I cinque greci coinvolti sono tra i quattordici identificati il giorno dopo la MayDay, il 2 maggio, nei pressi dell’Hotel occupato in zona piazza Piemonte, una occupazione sgomberata poche settimane dopo. Sono tutti giovani, nati tra il 1991 e il 1996, appartenenti all’area anarchica greca. I quattro milanesi arrestati sono squatter anarchici, conosciuti anche per la loro attività nel mondo dei rave party.

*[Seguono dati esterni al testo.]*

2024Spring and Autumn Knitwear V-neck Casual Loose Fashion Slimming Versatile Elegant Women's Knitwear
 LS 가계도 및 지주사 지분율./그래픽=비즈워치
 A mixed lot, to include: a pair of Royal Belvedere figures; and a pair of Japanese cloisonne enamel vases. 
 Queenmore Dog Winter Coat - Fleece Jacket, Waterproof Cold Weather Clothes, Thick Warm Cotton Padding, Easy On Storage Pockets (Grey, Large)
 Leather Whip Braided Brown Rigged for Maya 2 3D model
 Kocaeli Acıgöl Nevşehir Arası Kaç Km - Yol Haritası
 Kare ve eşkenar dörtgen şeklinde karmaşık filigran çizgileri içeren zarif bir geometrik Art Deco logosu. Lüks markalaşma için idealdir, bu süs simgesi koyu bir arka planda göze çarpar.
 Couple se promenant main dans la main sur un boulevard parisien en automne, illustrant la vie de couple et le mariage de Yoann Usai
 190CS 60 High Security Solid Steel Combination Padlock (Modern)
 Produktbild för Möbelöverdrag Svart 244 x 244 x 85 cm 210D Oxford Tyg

L’arresto è stato convalidato per una possibile reiterazione del reato tradotta dal gip con queste parole: «fanno delle forme di protesta sociale violenta il loro vivere quotidiano». Nell’ordinanza sono descritte le singole condotte degli indagati, i loro movimenti nel corteo e quelli del blocco nero. Non sono riportate intercettazioni e non si fa riferimento all’analisi di eventuali tracce di dna trovate sui giubbini neri raccolti a fine corteo. Il materiale, le fonti su cui si sono basate le indagini, sono gli oltre 600 Gb di materiale video e fotografico visionati da Digos e polizia scientifica.

I cinque indagati a piede libero sono tre milanesi, un comasco e un greco, anche loro indagati per le stesse imputazioni degli arrestati. Per uno di loro era stato chiesto l’arresto ma il gip l’ha rifiutato.
Quella frase del procuratore Romanelli, «era importante dare una prima risposta, le indagini vanno avanti» evoca un secondo tempo. Anche su questo Expo non è ancora finito.